In addition to characterizing the distribution of genetic features of populations (mutation and allele frequencies; measures of Hardy–Weinberg equilibrium), genetic epidemiology and statistical genetics aim to explore and define the role of genomic variation in risk of disease or variation in traits of interest. To facilitate this kind of exploration, genetic epidemiology and statistical genetics address a series of questions:
  1. 1.

    Does the disease tend to cluster in families more than expected by chance alone?

     
  2. 2.

    Does the disease appear to follow a particular genetic model of transmission in families?

     
  3. 3.

    Does variation at a particular genomic position tend to cosegregate with disease in families?

     
  4. 4.

    Do specific genetic variants tend to be carried more frequently by those with disease than by those without these variants in a given population (or across families)?

     

The first question can be examined using studies of familial aggregation or correlation.

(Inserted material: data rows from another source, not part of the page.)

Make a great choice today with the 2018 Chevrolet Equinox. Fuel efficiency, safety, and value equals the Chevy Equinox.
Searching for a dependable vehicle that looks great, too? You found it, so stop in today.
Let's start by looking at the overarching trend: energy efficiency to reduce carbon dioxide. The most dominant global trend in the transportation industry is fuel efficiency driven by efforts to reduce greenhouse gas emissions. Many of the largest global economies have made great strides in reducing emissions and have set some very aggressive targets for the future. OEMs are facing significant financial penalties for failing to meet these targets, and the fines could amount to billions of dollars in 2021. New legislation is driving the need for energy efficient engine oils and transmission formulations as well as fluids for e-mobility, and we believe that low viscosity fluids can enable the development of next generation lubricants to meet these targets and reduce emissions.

An ancillary question: “how much of the susceptibility to disease (or variation in disease-related traits) might be accounted for by genetic factors?” is typically answered by estimating heritability, the proportion of variance in a trait or in risk to a disease attributable to genetics. The second question can be formally tested using pedigrees for which disease affection status or trait values are available through a modeling approach known as segregation analysis. The third question can be answered with data on genomic markers in pedigrees with affected members informative for linkage, where meiotic cross-over events are estimated or assessed. The fourth question is answerable using genotype data on genomic markers on unrelated affected and unaffected individuals and/or families with affected members and unaffected members. All of these questions can also be explored for quantitative (or continuously distributed) traits by examining variation in trait values between family members or between unrelated individuals. While each of these questions and the analytical approaches for answering them is explored extensively in subsequent chapters (heritability in Chapters  8 and  9; segregation in Chapter  12; linkage in Chapters  13 17; and association in Chapters  18 20), this chapter focuses on statistical methods to address questions of familial aggregation of qualitative phenotypes (e.g., disease status) or quantitative phenotypes.

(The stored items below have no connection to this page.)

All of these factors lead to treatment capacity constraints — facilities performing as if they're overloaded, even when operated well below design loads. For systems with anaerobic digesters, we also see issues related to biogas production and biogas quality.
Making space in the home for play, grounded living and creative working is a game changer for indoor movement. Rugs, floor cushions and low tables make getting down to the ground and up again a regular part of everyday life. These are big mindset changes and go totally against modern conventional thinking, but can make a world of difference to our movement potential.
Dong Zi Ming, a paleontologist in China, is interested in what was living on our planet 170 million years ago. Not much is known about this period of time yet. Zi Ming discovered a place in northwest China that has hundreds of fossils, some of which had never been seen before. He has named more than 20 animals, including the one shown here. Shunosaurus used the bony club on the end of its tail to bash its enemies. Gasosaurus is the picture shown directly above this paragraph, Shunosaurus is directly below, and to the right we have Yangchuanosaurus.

While studies exploring genotype–phenotype correlations are arguably the most important and common type of statistical genetic study performed, these studies are performed under the assumption that genetic contributors at least partially explain risk of a disease or a trait of interest. This may not always be the case, especially with diseases or traits known to be strongly influenced by environmental factors. For this reason, before any of the last three questions described above can be answered, it is important to ask first whether the disease clusters among family members more than unrelated persons, as this constitutes evidence of a possible heritable contribution to disease, justifying the pursuit of studies answering the other questions. In this chapter, the underlying principles of familial aggregation studies are addressed to provide an understanding and set of analytical tools to help answer the question if diseases or traits of interest are likely to be heritable and therefore justify subsequent statistical genetic studies to identify specific genetic causes.

Key words

Family history Family history score Familial case–control Cochran–Mantel–Haenzel (CMH) Odds ratio Logistic regression Conditional logistic regression Familial gene–environment interaction Generalized estimating equations (GEE) Familial relative risk Familial recurrence risk Standardized incidence ratio (SIR) Standardized mortality ratio (SMR)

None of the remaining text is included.